Because I want something easier to manage. Setting up a raw Linux firewall using just nftables was cool, but feels a bit like this cobbled together mess especially after I added Pi-Hole to the mix, and I just want to try a proper router distro now.

OpenWRT

OpenWRT is mainly targeted toward embedded devices like the old router you might have laying around at home, but it can actually be installed on regular x86_64 PC Hardware too. There’s no proper installer though, you need to download an .img then dd that on to you the hard drive you want to install OpenWRT on. After that you will need to resize the root partition to fill the rest of your hard drive.

Check out the official docs here.

Installation

dd if=openwrt-21.02.0-x86-64-generic-ext4-combined.img bs=1M of=/dev/sdX and then you’re done. That’s it. Well almost, you need to expand the root filesystem. You should also probably install additional firmware.
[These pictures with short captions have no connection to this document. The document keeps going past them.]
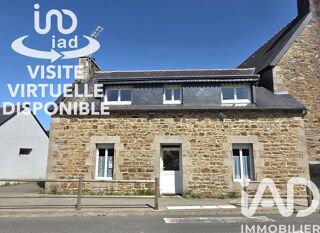  Maison à vendre 3 pièces 80 m²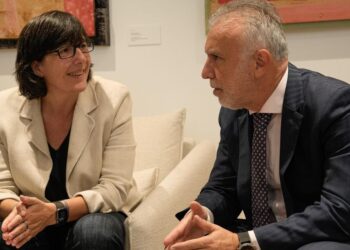 La exalcaldesa de O Porriño Eva García fue la primera víctima del Patronato de Protección de la Mujer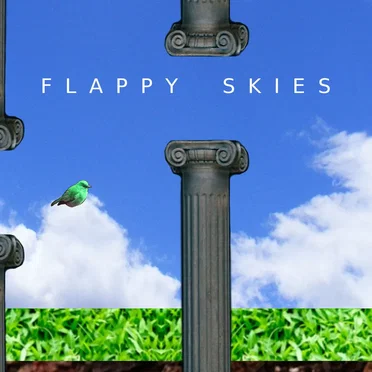 Flappy Skies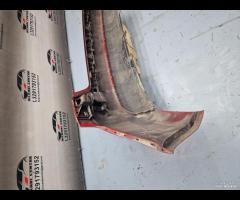 PARAURTI POSTERIORE CON SENSORI DI PARCHEGGIO AUDI - 16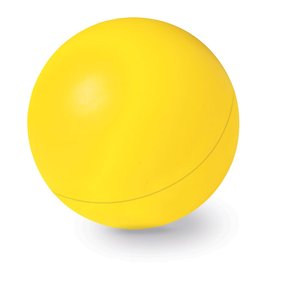 Anti-stress ball — DESCANSO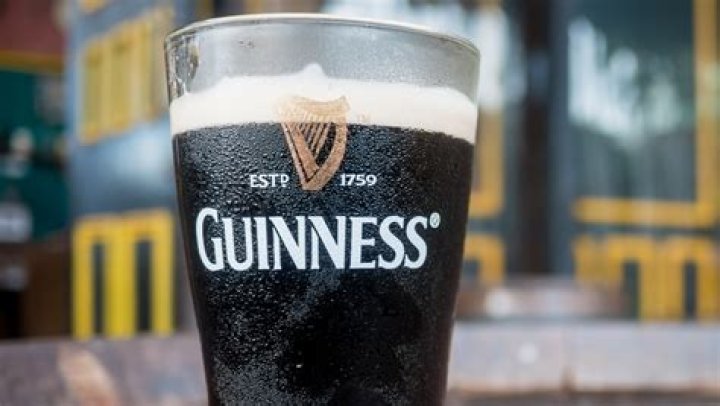 Country where Waterford crystal and Guinness stout originated: Abbr.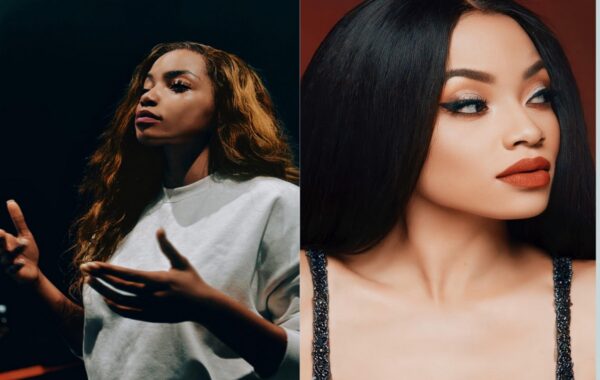 This clapback from Rouge is brutal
Thankfully, resizing the root filesystem is super easy:

# Install packages
opkg update
opkg install parted
 
# Identify disk name and partition number
parted -l -s
 
# Expand root partition
parted -f -s /dev/sda resizepart 2 100%
 
# Apply changes
reboot

To resize the partition, and then:

# Install packages
opkg update
opkg install losetup resize2fs
 
# Map loop device to root partition
losetup /dev/loop0 /dev/sda2 2> /dev/null
 
# Expand root filesystem
resize2fs -f /dev/loop0
 
# Apply changes
reboot

To resize the filesystem.

Thoughts

It’s pretty cool so far. As much as I like being neckbeard commandline warrior having a GUI to easily visually everything and see who’s connected to the network and metrics is pretty nice. I also still have the TP Link router also with OpenWRT on it which I will continue to use as a WAP.